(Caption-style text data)

···

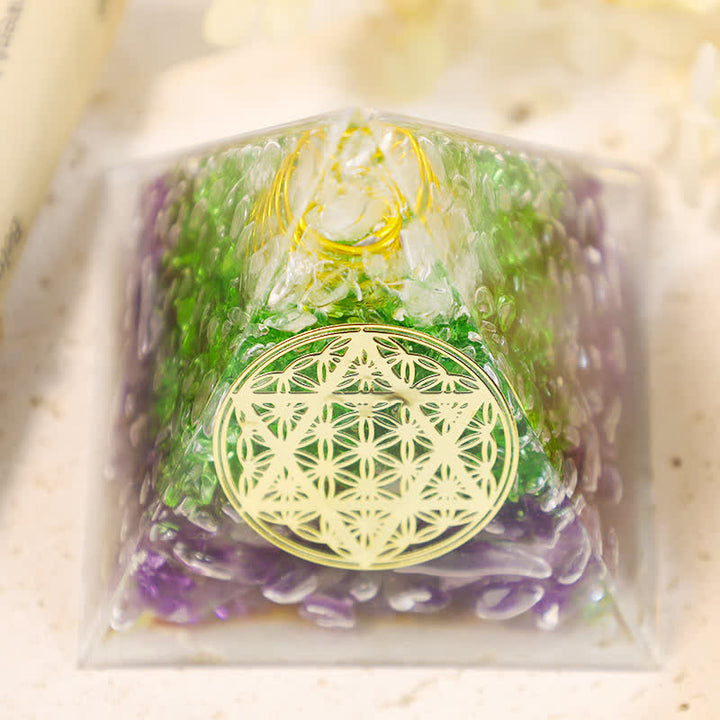 Pirámide de cristal orgónica con hexagrama de la flor de la vida de Olivenorma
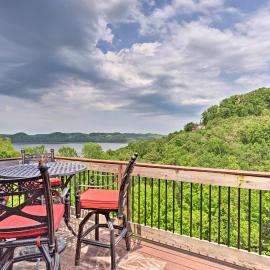 Lake-View Silver Point Condo by Hurricane Marina!, hotel a Silver Point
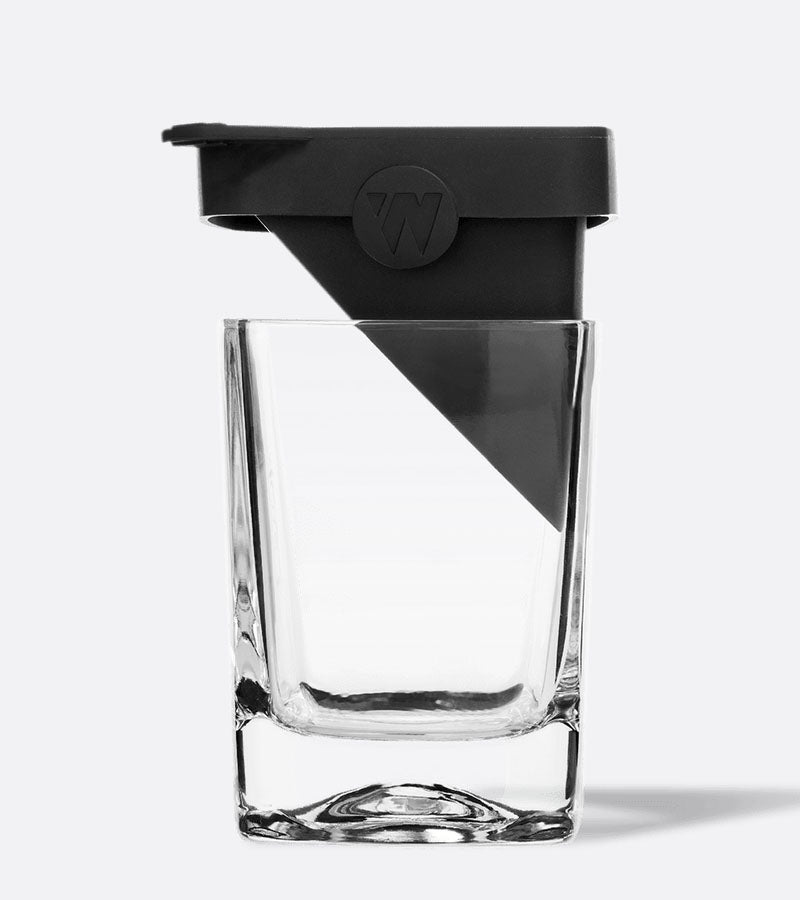L'avant gardiste Whisky Wedge verre à whisky refroidisseur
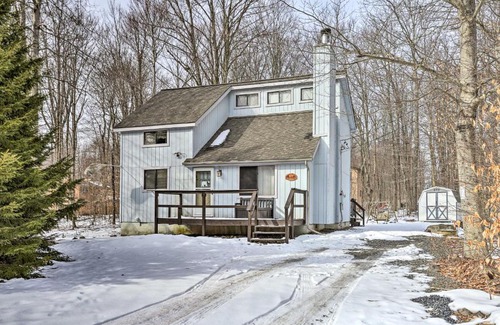 Pocono Lake House | Evolve Getaway with Arrowhead Lake Amenity Access!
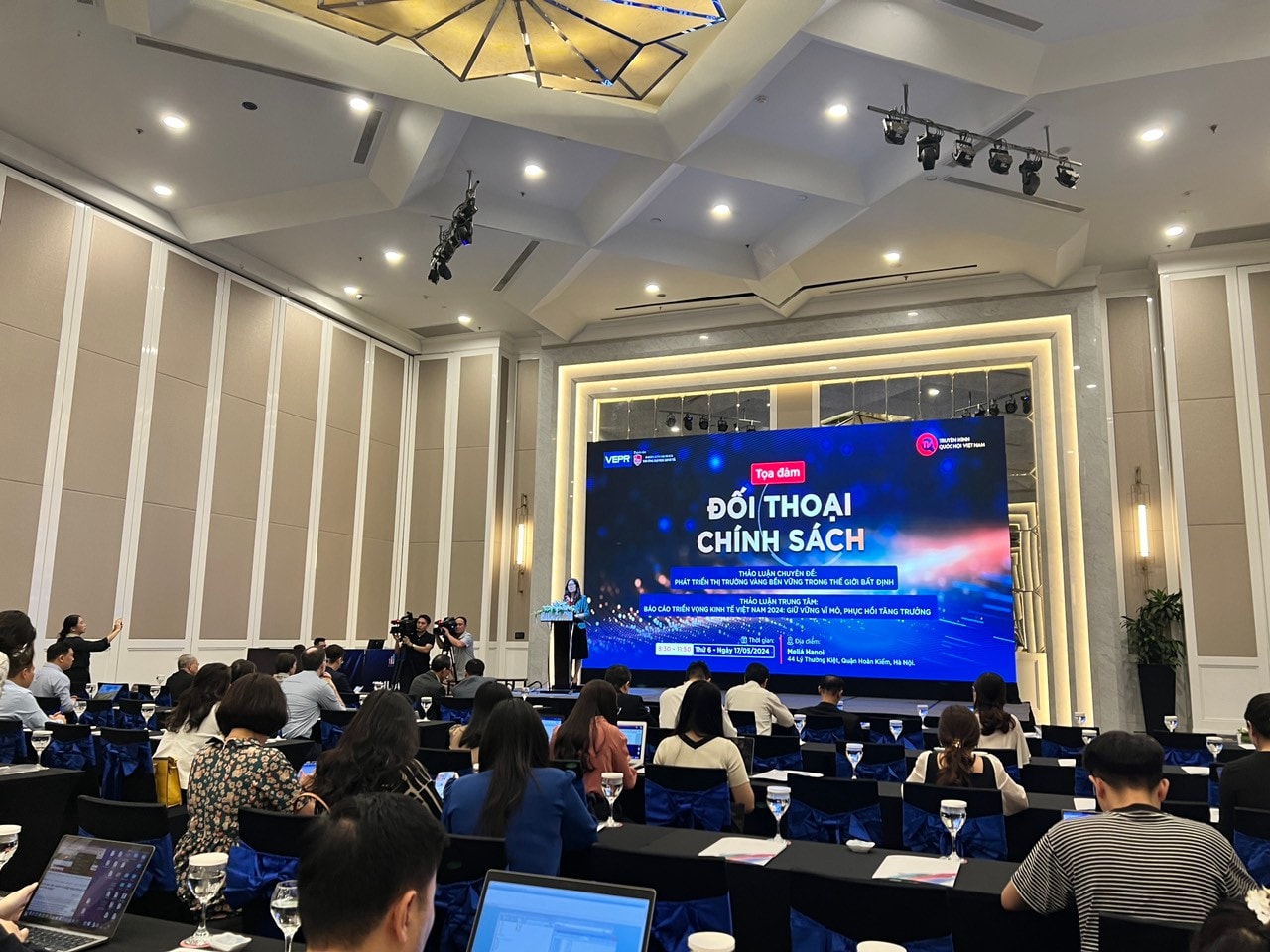 Ổn định thị trường vàng, giữ vững vĩ môtạo đà phục hồi trong bối cảnh thế giới bất định -0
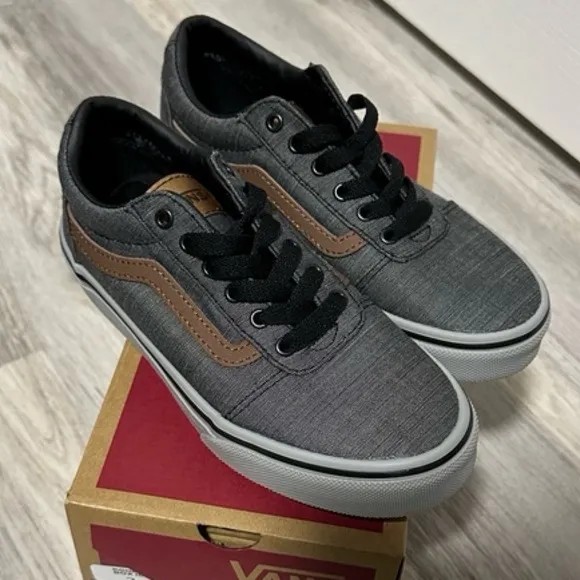 VANS • Ward Sneakers Skate Shoes Includes Box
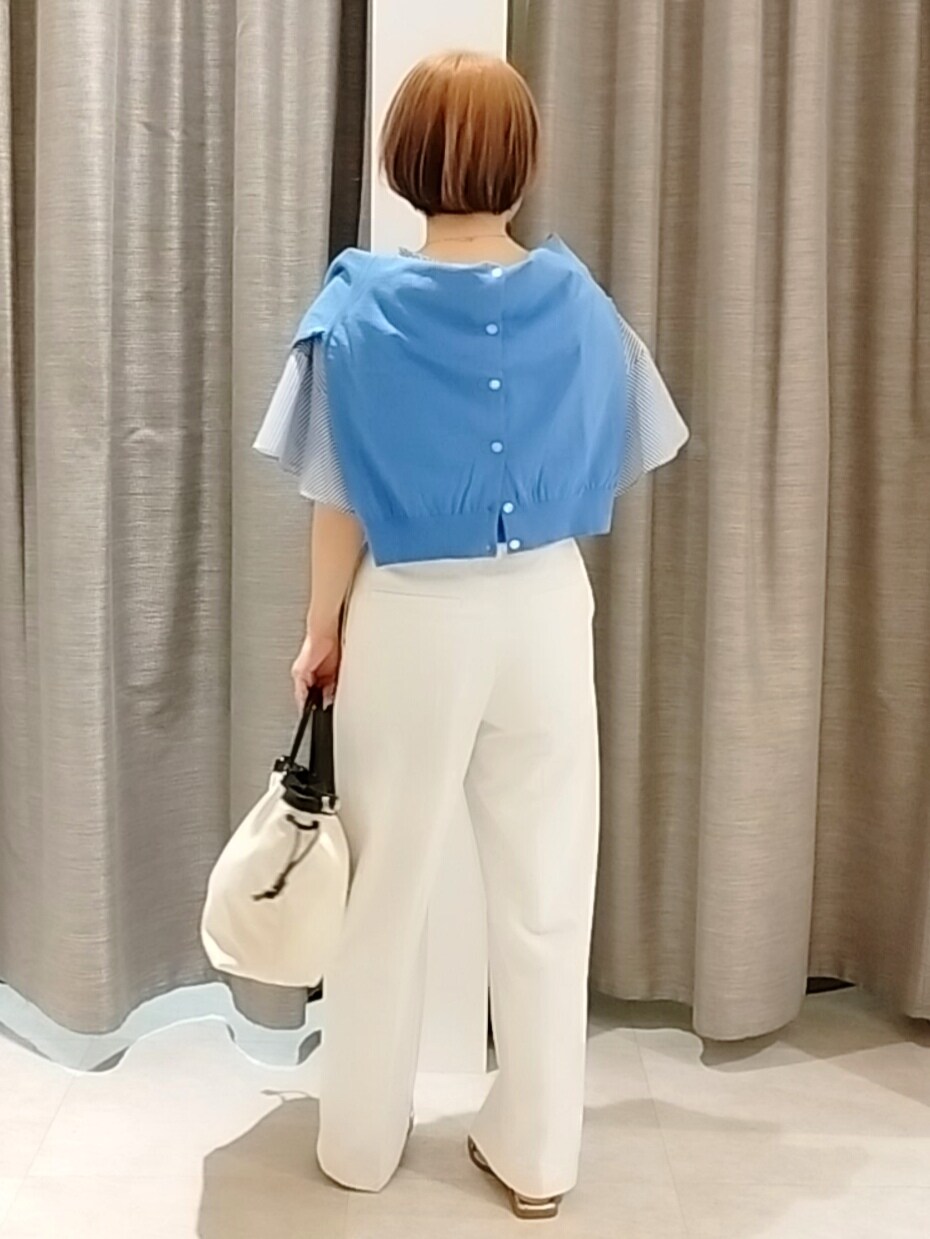 ホワイト系のその他パンツ、ブルー系のカーディガン/ボレロ、ベージュ系のトートバッグを着用したレディースの春コーディネートの7枚目の写真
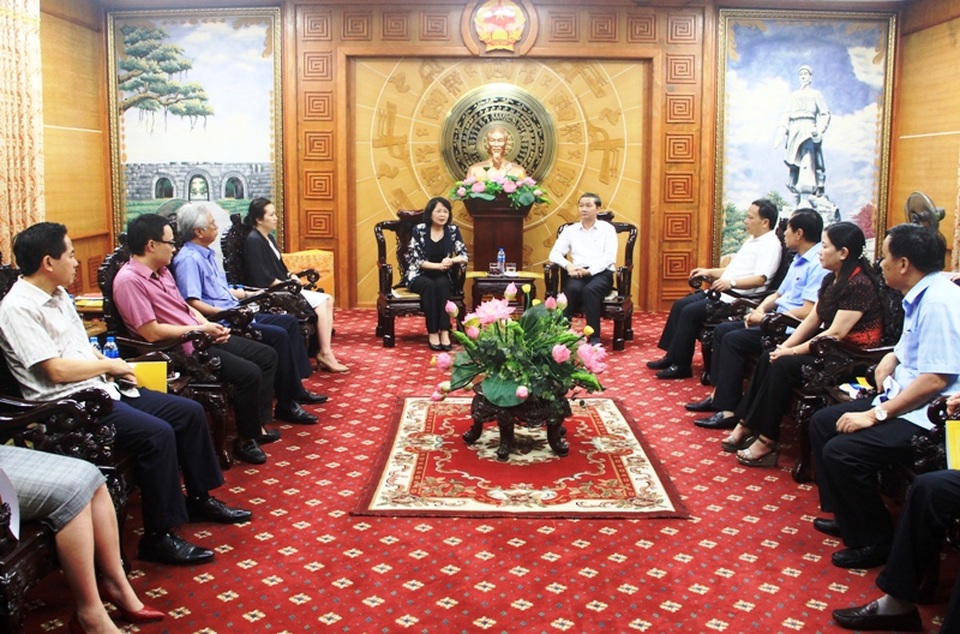 Phó Chủ tịch nước trao quà hỗ trợ đồng bào bị thiệt hại do mưa lũ - 1 Phó Chủ tịch nước trao quà hỗ trợ đồng bào bị thiệt hại do mưa lũ - 1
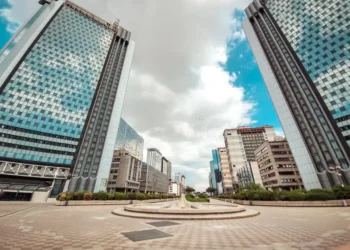 Napoli, presidio degli operai forestali: protesta per i ritardi nei pagamenti degli stipendi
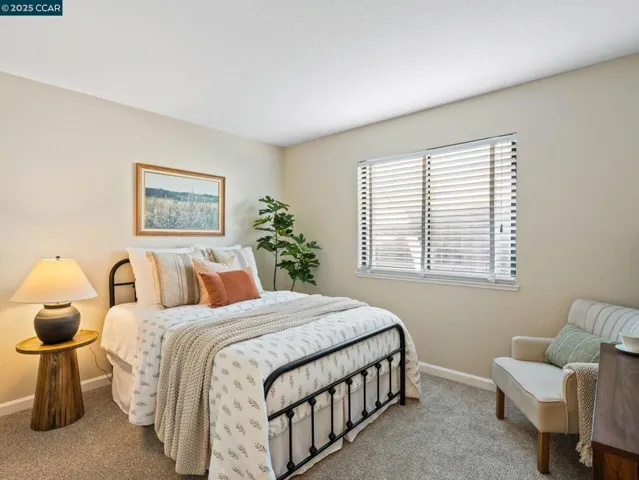 1062 Santa Clara Ln., Petaluma, California 94954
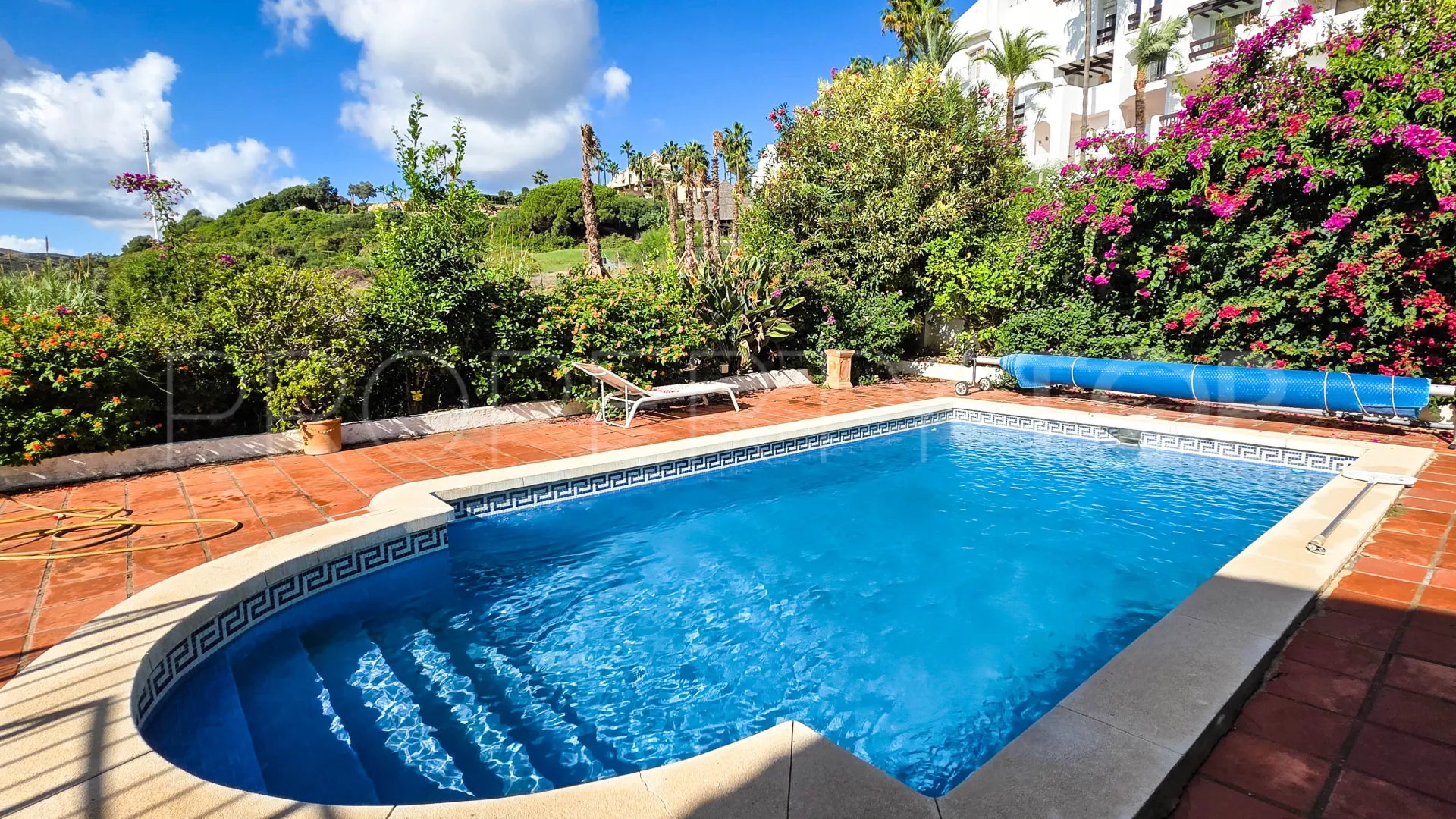 For sale semi detached villa in La Duquesa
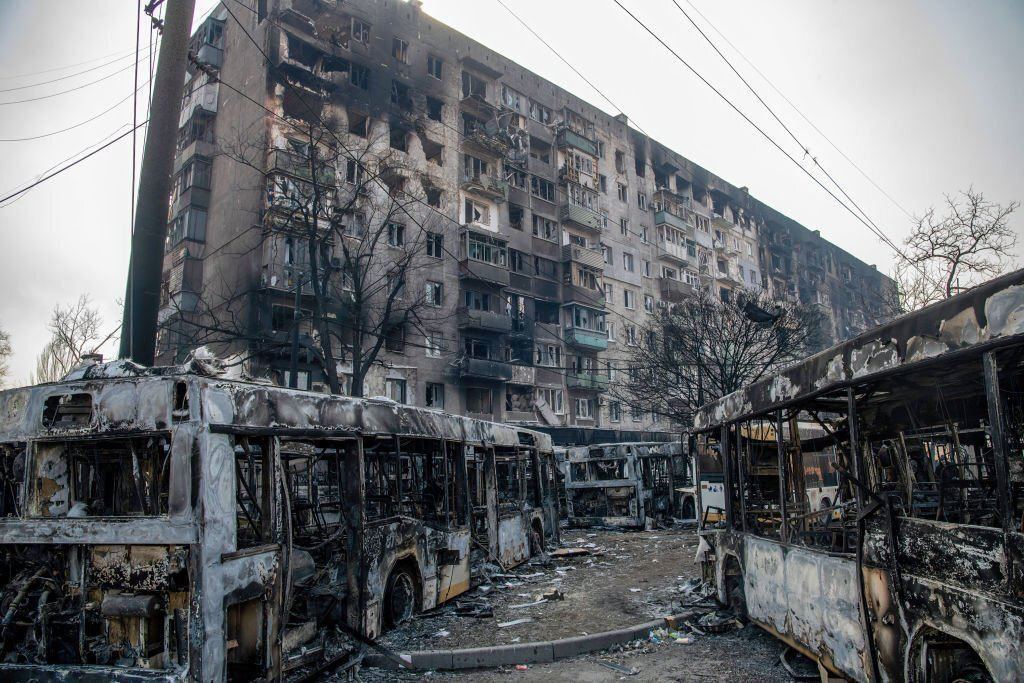 Стаття: У Маріуполі знімають фільм про «визволення» — росіяни планують покази в університетах і садочках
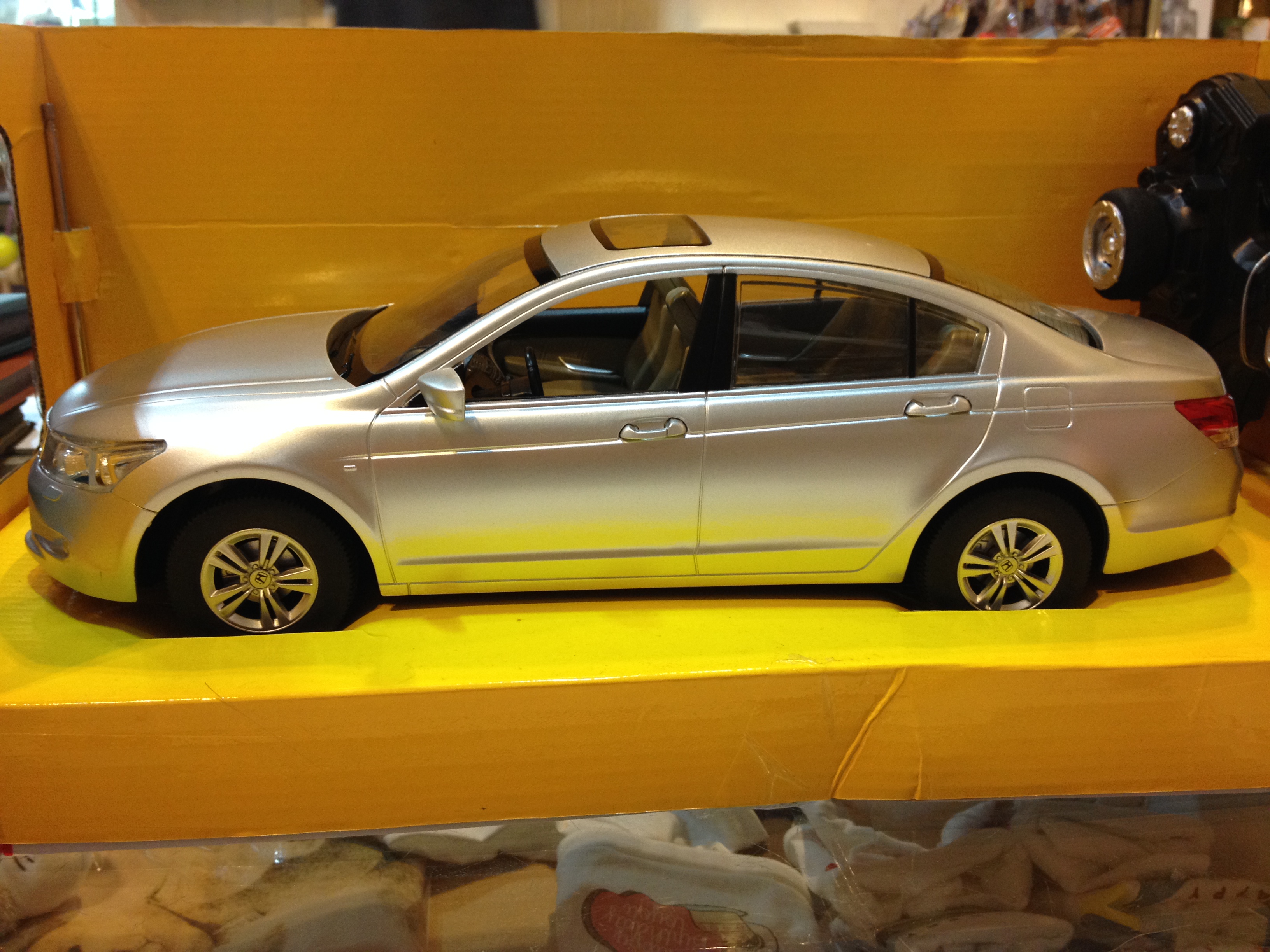 1:14 Honda : accord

···

__Exercise goal__. The records above should be repeated exactly, with no pictures in the copy.

__Solved problem__.
 Pirámide de cristal orgónica con hexagrama de la flor de la vida de Olivenorma
 Lake-View Silver Point Condo by Hurricane Marina!, hotel a Silver Point
L'avant gardiste Whisky Wedge verre à whisky refroidisseur
 Pocono Lake House | Evolve Getaway with Arrowhead Lake Amenity Access!
 Ổn định thị trường vàng, giữ vững vĩ môtạo đà phục hồi trong bối cảnh thế giới bất định -0
 VANS • Ward Sneakers Skate Shoes Includes Box
 ホワイト系のその他パンツ、ブルー系のカーディガン/ボレロ、ベージュ系のトートバッグを着用したレディースの春コーディネートの7枚目の写真
 Phó Chủ tịch nước trao quà hỗ trợ đồng bào bị thiệt hại do mưa lũ - 1 Phó Chủ tịch nước trao quà hỗ trợ đồng bào bị thiệt hại do mưa lũ - 1
 Napoli, presidio degli operai forestali: protesta per i ritardi nei pagamenti degli stipendi
 1062 Santa Clara Ln., Petaluma, California 94954
 For sale semi detached villa in La Duquesa
 Стаття: У Маріуполі знімають фільм про «визволення» — росіяни планують покази в університетах і садочках
 1:14 Honda : accord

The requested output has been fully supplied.